GOAL OF THE EXERCISE:
Only the pictures should be dropped; every line of the data must come back exactly as written.

DATASET SECTION:
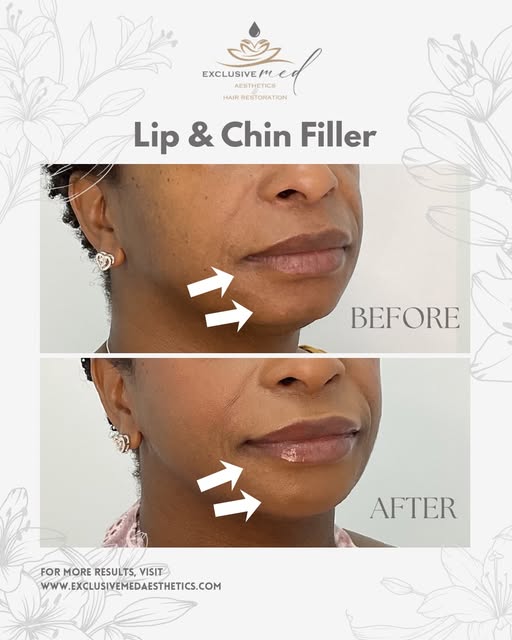 A little balance can make a BIG difference. 💋

These beautiful before & afters by our NP Selina sho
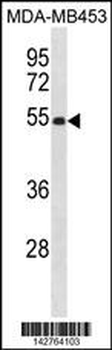 EIF2S2 Antibody (C-term)
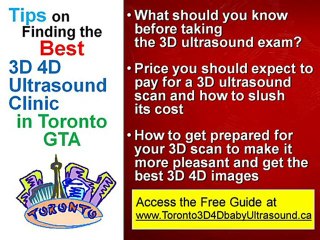 How to get the best 3D ultrasound in Toronto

RESPONSE BELOW:
 A little balance can make a BIG difference. 💋

These beautiful before & afters by our NP Selina sho
 EIF2S2 Antibody (C-term)
 How to get the best 3D ultrasound in Toronto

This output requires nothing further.